芥川は1898年に江東尋常小学校に入学し、東京府立第三中学校を卒業するときには「多年成績優等者」の賞状を受けました。その後、1910年に第一高等学校に進学し、成績優秀者として無試験で入学する制度を利用しました。この時期に久米正雄や菊池寛らと同期入学し、2年生からは寄宿寮に入りましたが、寮生活にはあまり順応しませんでした。

1913年に東京帝国大学文科大学英文学科に進学し、1914年には一高の同期とともに同人誌『新思潮』を刊行し、アナトール・フランスの作品の翻訳や初めての小説『老年』を発表しました。

その後、青山女学院英文科卒の吉田弥生という女性と結婚を考えましたが、家族の反対で実現しませんでした。1915年には代表作のひとつ『羅生門』を「芥川龍之介」の名で発表しました。

芥川龍之介の文学活動

芥川龍之介の文学活動は、多岐にわたる創作活動と文学的な論争を特徴としています。

彼の代表作『鼻』は、1916年に『新思潮』の創刊号に掲載され、夏目漱石に絶賛されました

同年、芥川は東京帝国大学文科大学英文学科を卒業し、その後海軍機関学校で英語教官として勤務しながら創作活動を続けました。

1917年には最初の短編集『羅生門』を刊行し、翌年には第二短編集『煙草と悪魔』を発表しました。芥川は短編小説を中心に数多くの作品を発表し、その中でも『羅生門』や『地獄変』、『芋粥』などが代表作として知られています。
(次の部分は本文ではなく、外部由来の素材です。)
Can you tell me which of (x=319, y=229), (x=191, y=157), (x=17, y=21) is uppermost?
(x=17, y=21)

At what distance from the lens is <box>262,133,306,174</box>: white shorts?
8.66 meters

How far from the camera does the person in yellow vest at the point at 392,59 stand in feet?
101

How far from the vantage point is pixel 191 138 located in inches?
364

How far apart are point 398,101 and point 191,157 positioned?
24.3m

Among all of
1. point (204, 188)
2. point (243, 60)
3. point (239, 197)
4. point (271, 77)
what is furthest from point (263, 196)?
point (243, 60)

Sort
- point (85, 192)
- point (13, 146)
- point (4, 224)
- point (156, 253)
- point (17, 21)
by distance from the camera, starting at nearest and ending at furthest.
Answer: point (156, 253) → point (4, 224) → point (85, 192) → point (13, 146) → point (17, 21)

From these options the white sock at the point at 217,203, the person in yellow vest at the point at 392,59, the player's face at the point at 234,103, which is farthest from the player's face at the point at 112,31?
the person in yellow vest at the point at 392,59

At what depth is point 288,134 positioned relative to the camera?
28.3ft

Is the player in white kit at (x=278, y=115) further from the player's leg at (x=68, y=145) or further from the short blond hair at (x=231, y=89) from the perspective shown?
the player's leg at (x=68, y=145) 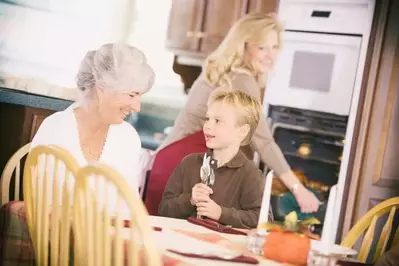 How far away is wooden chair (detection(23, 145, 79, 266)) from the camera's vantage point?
137 centimetres

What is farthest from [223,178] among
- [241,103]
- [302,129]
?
[302,129]

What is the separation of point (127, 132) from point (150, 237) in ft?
2.15

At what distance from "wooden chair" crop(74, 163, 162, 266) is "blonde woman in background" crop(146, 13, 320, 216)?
46 cm

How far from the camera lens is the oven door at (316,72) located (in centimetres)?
193

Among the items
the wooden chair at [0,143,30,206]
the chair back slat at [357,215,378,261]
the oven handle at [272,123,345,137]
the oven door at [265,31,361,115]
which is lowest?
the chair back slat at [357,215,378,261]

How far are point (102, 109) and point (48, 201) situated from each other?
0.28 meters

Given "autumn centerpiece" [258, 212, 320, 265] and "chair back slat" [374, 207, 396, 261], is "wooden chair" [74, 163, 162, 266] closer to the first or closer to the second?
"autumn centerpiece" [258, 212, 320, 265]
1920年代には、芥川は中国を訪れるなどの経験から紀行文も執筆し、その後も私小説的な作品を書き続けました。

しかし、1925年頃から健康を崩し、創作活動も減少していきました。それでも彼は『桃太郎』など社会的なテーマに対する鋭い視点を持った作品を発表し続けました。

芥川龍之介の自殺の理由

芥川龍之介は1927年7月24日の未明、睡眠薬を大量に服用して自殺をはかりました。享年35歳でした。

自ら命を絶った原因には、健康問題や家族の問題、親しい女性とのトラブルなどがあったとされています。
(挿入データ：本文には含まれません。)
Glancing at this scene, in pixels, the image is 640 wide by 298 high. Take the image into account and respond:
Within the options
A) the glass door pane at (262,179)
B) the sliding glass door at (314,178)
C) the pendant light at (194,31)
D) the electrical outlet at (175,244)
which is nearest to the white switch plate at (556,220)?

芥川は家族や友人への遺書を残していたほか、親しい友人だった小穴隆一(洋画家・随筆家)には事前に計画を知らせていました。

自殺に至るまでには芥川の中でさまざまな問題が交錯していたと考えられるものの、決定的な理由となるものはなく、芥川自身が残した「将来に対する唯だたぼんやりした不安」という言葉が彼の心の内を複雑に物語っています。

自殺者は大抵レニエの描いたやうに何の為に自殺するかを知らないであらう。それは我々の行為するやうに複雑な動機を含んでゐる。が、少くとも僕の場合は唯ぼんやりした不安である。何か僕の将来に対する唯ぼんやりした不安である。

或旧友へ送る手記 – 芥川龍之介

芥川龍之介の代表作

芥川龍之介の代表作は数多くありますが、特に有名な10作品を以下に紹介します。

羅生門

平安時代の京都を舞台に、人々の心の闇を描き出した傑作。人間の悪の深淵をえぐり出し、読者に衝撃を与えました。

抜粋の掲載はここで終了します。